**Instructions for the task:**
Everything below from the line with "The selection sets" through the line with "Continuing the coloring steps. Dim gray." must be retyped exactly, except the pictures.

**Data section:**
....
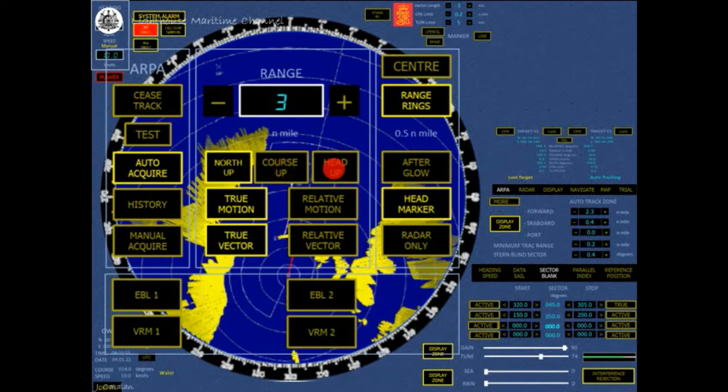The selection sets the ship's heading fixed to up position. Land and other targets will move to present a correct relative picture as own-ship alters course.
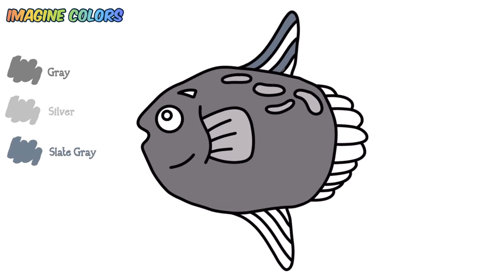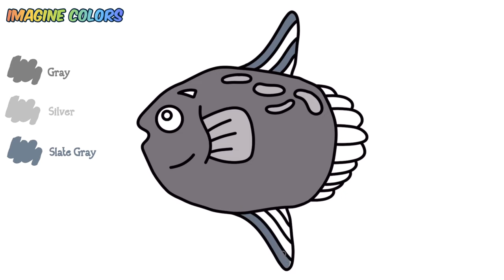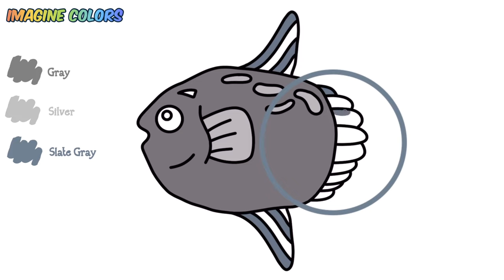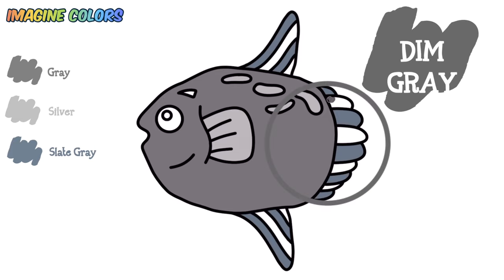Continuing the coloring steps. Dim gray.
....
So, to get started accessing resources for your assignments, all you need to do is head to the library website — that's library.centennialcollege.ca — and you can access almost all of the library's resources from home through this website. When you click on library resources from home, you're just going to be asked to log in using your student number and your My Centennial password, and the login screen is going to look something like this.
....
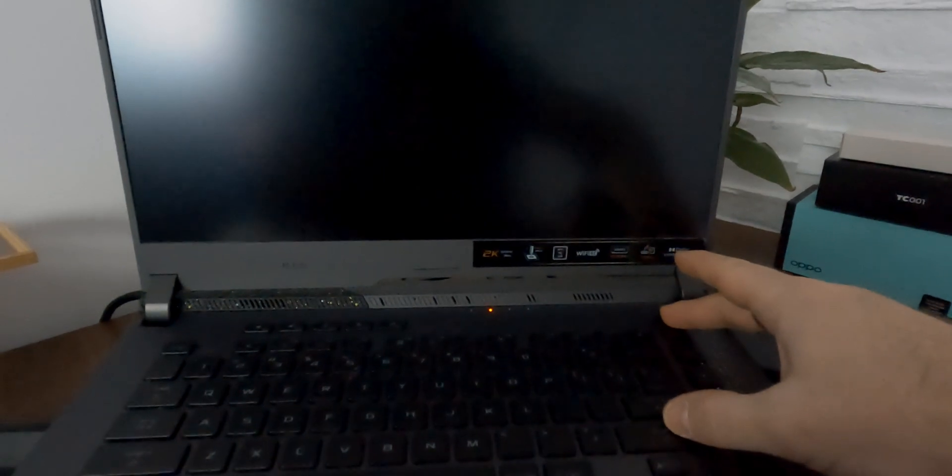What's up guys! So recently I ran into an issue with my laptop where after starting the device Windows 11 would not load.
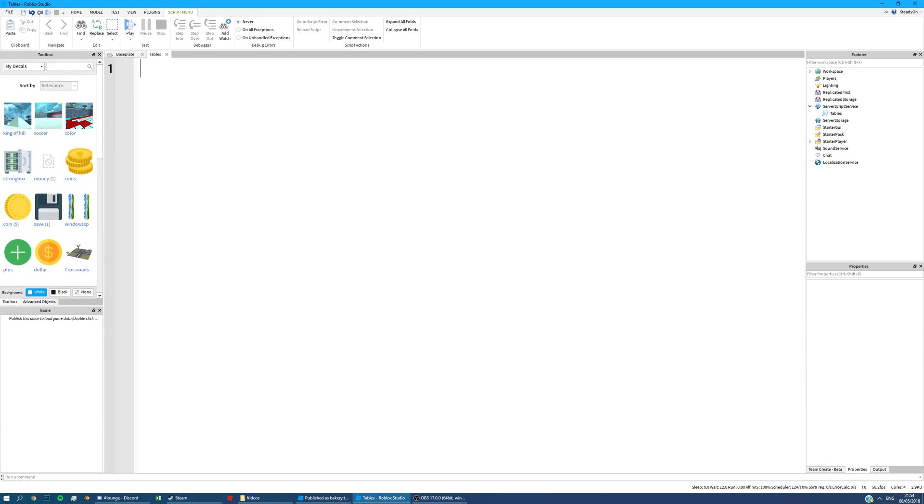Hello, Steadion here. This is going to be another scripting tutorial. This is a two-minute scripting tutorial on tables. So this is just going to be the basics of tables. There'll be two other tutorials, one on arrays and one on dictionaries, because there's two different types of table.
....
**Completed exercise:**
The selection sets the ship's heading fixed to up position. Land and other targets will move to present a correct relative picture as own-ship alters course.
Continuing the coloring steps. Dim gray.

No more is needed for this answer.